As a new mother, you may be in a rush to lose those pregnancy pounds, but the health of your body and baby should be your foremost concern; thus a healthy and nutritious diet is essential for you to cope with the physical stress and energy lost during the process.
High energy foods are necessary to cope with the postnatal bleeding, nursing requirements, bruises, urinary incontinence and other physical changes. Besides, the needs of the baby are to be attended every hour for which energy is required.
Read out what your diet plan for post pregnancy should consist, the nutrient rich ingredients and the ways you can eat them.
The major qualities of pulses that make it an essential inclusion in diet after delivery are: a) Easily Digestible, b) High on Energy, c) Highly rich in protein and vitamins.
Pulses like moong or masoor that are light can be eaten in the form of soup or khichri. The high mineral and fiber content keeps constipation at bay and does not add to the body weight which is an additional advantage.
High iron content in green vegetables makes them an excellent food source to replenish the lost energy and strength. Green leafy vegetables should be eaten either boiled or steamed with minimum spices to enjoy their maximum benefits.
It is not only post delivery or during pregnancy particularly, but almonds should be eaten throughout the year to strengthen the body. After delivery, almonds can be consumed whether as nuts, salted, raw or cooked to take in its carbohydrate and vitamin properties which help the nursing mother.
Carom seeds may not be a favorite for most because of its pungent smell and peculiar taste, but its high thymol content makes it a good antiseptic and antioxidant.
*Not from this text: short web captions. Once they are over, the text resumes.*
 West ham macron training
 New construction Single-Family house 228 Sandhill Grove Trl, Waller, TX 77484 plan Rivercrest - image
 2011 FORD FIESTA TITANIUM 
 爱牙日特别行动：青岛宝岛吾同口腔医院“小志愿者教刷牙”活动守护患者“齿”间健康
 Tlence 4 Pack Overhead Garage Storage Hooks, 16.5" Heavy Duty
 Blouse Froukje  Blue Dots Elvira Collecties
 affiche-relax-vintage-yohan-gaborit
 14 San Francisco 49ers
Post delivery, mothers usually face gas and indigestion problem which can be transferred to the baby who is on breast feed only. Carom seed does not only help in good digestion, but also is an excellent cleanser of the uterus and body pain reliever.
Known for its extraordinary antiseptic properties, turmeric is used for quick healing and also protects from infections. Besides being the most common and essential ingredient in regular Indian meals, it is recommended to add a pinch of this yellow powder to a glass of milk and should be consumed by nursing mothers for added benefits. It is also rich in fiber, vitamins, essential nutrients and various minerals for which it is used since centuries in cooking.
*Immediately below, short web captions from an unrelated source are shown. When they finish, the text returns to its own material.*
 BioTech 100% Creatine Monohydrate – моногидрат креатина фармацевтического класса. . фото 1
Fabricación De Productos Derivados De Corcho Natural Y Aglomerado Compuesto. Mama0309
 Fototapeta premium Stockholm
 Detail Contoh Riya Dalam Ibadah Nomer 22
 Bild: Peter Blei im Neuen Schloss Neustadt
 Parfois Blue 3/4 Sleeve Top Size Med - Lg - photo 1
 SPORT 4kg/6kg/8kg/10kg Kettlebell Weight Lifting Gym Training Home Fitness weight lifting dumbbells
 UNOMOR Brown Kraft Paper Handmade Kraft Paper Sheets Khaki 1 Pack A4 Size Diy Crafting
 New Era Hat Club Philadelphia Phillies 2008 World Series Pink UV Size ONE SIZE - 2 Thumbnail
Oats have multiple usage and can be cooked in various interesting ways to add variety to the confined food options you have post pregnancy. It can be eaten as cereal for breakfast or like a semi solid soup for meals. Oats being rich in fiber and protein can be made healthier with the addition of nuts, fruits and /or vegetables so that you can enjoy a healthy meal.
Though these are the normal food habits one should indulge in after delivery, it is always necessary to consult a doctor.